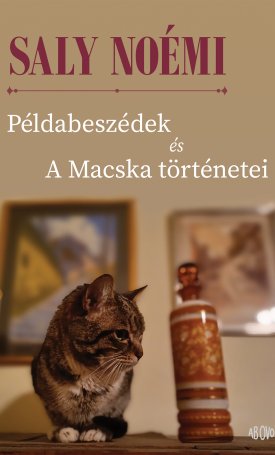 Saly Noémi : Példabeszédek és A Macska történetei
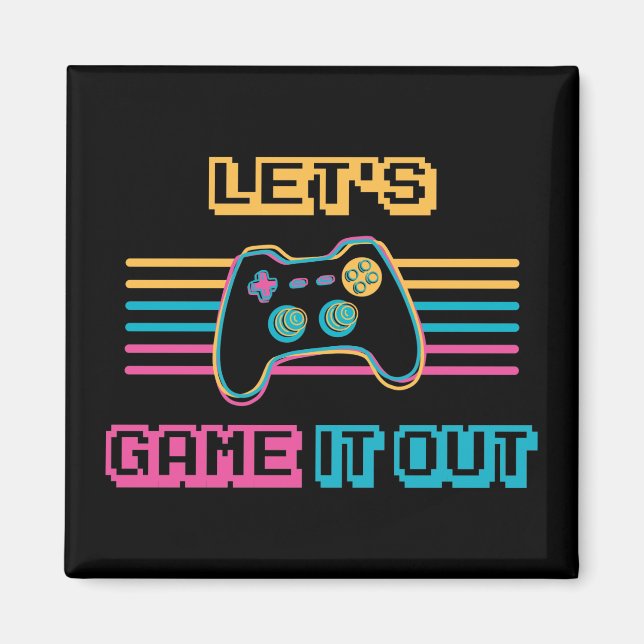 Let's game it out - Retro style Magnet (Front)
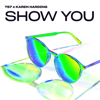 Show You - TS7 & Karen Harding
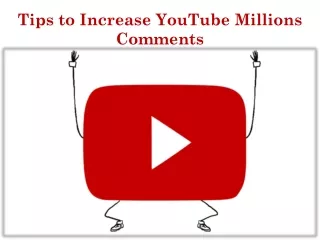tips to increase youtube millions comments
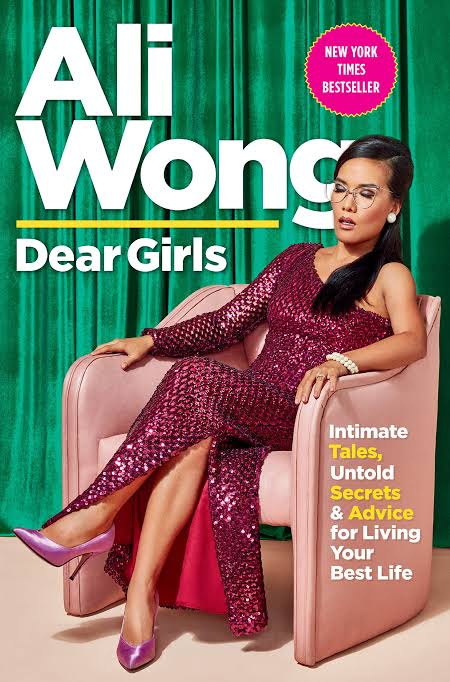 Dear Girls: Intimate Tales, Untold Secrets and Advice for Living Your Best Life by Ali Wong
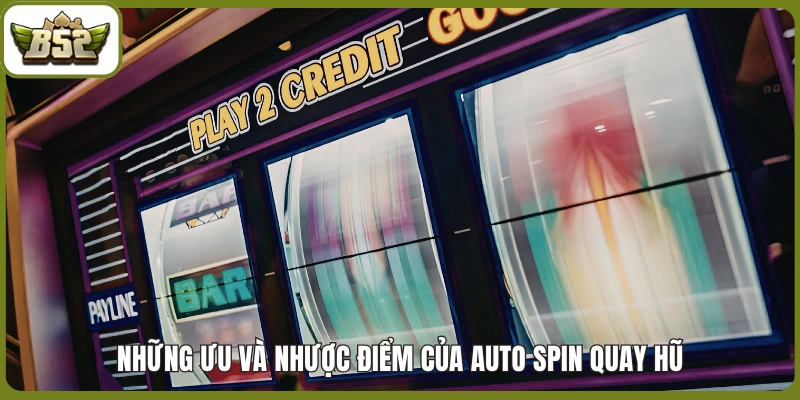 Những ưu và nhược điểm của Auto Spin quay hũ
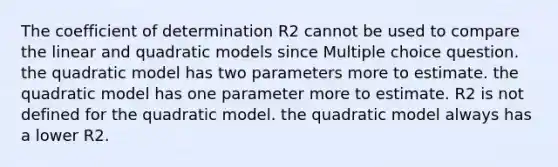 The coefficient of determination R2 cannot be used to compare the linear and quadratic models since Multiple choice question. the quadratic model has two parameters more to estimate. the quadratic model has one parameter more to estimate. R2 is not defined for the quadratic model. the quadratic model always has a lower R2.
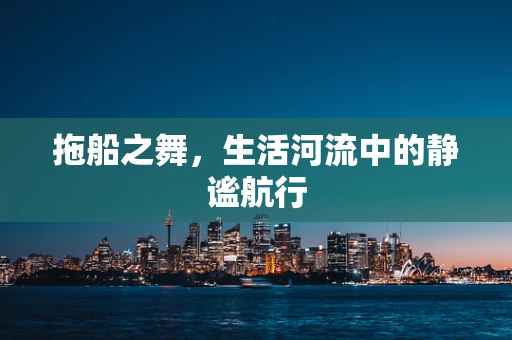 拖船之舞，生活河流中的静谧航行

-------------------------

> [PROBLEM TO SOLVE] The answer must be the listing above, restated word for word, with no images in it.

> [ANSWER SPACE]
 Saly Noémi : Példabeszédek és A Macska történetei
 Let's game it out - Retro style Magnet (Front)
 Show You - TS7 & Karen Harding
tips to increase youtube millions comments
 Dear Girls: Intimate Tales, Untold Secrets and Advice for Living Your Best Life by Ali Wong
 Những ưu và nhược điểm của Auto Spin quay hũ
 The coefficient of determination R2 cannot be used to compare the linear and quadratic models since Multiple choice question. the quadratic model has two parameters more to estimate. the quadratic model has one parameter more to estimate. R2 is not defined for the quadratic model. the quadratic model always has a lower R2.
 拖船之舞，生活河流中的静谧航行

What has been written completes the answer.